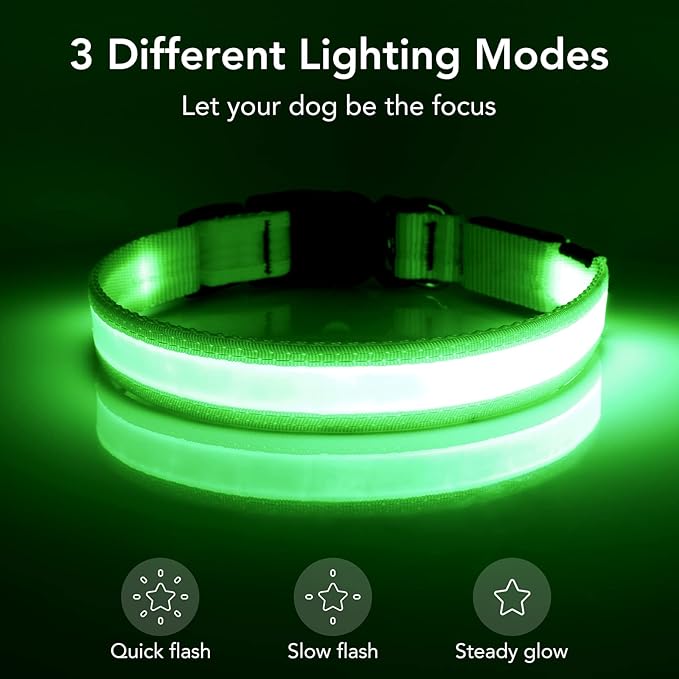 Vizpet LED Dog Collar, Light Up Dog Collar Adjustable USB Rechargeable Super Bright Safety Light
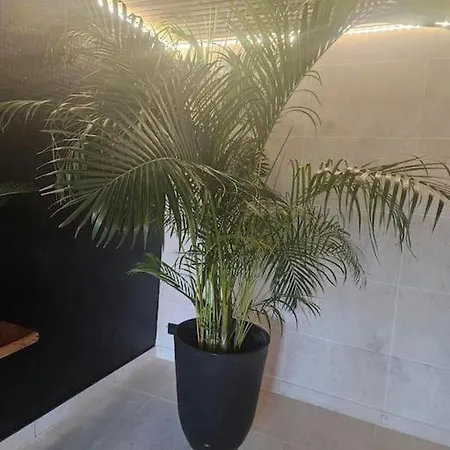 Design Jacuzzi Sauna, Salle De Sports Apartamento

########################################

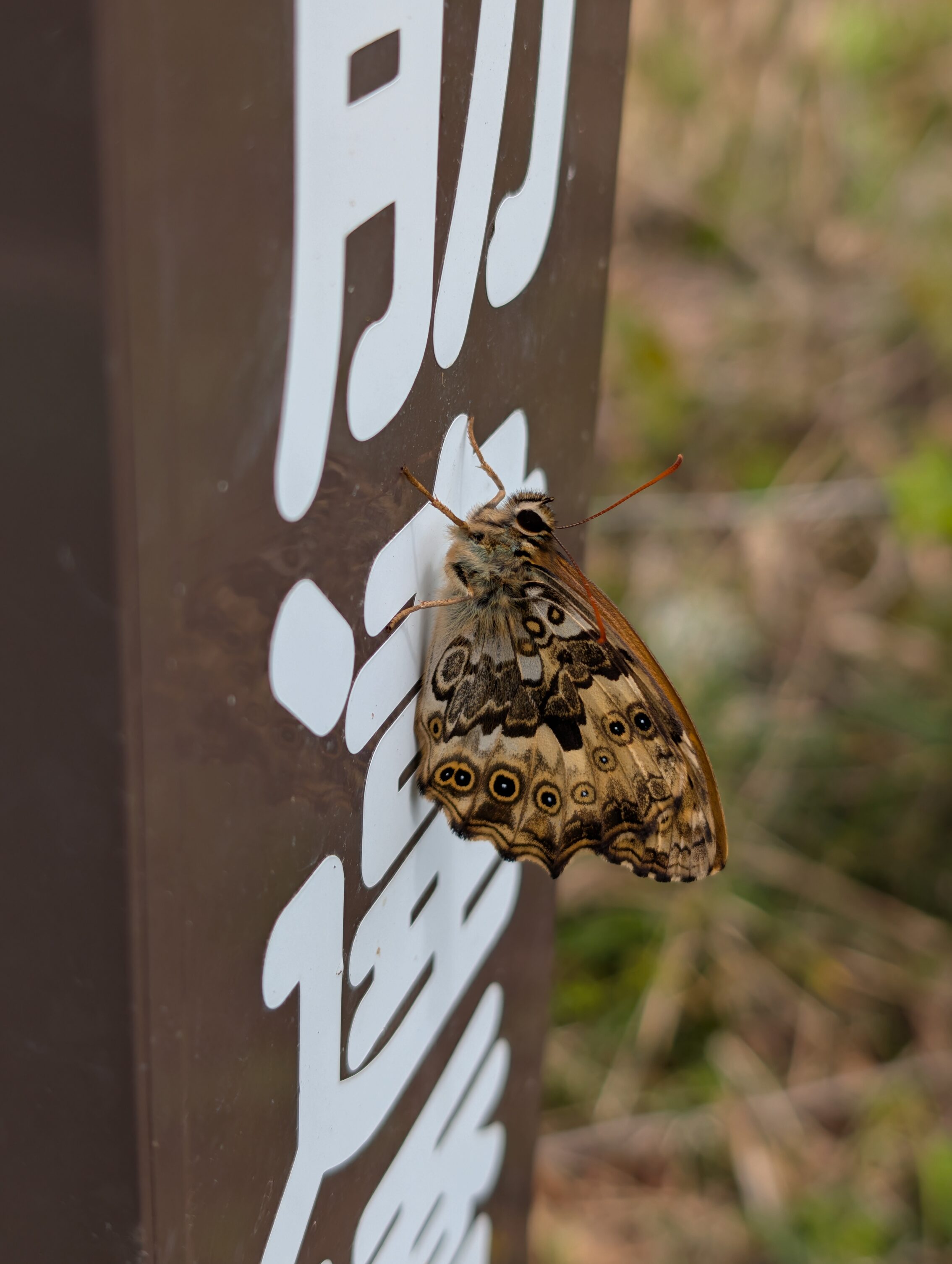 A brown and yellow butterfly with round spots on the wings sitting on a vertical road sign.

########################################

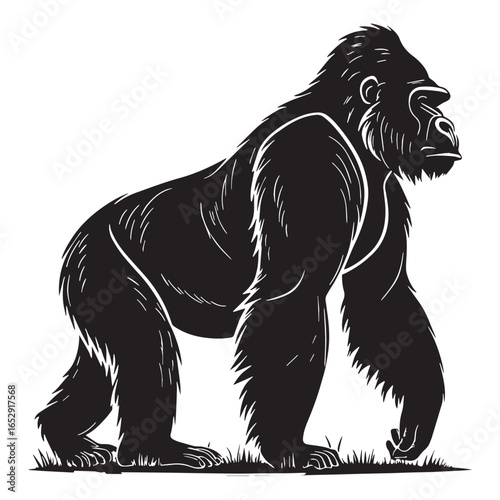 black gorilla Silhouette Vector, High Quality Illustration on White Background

########################################

== Work instructions ==
In the listing above, find the line containing "Vizpet LED Dog" and the line containing "Design Jacuzzi Sauna, Salle". Reproduce those lines and all between them exactly, with no pictures and nothing more.

== Task solution ==
 Vizpet LED Dog Collar, Light Up Dog Collar Adjustable USB Rechargeable Super Bright Safety Light
 Design Jacuzzi Sauna, Salle De Sports Apartamento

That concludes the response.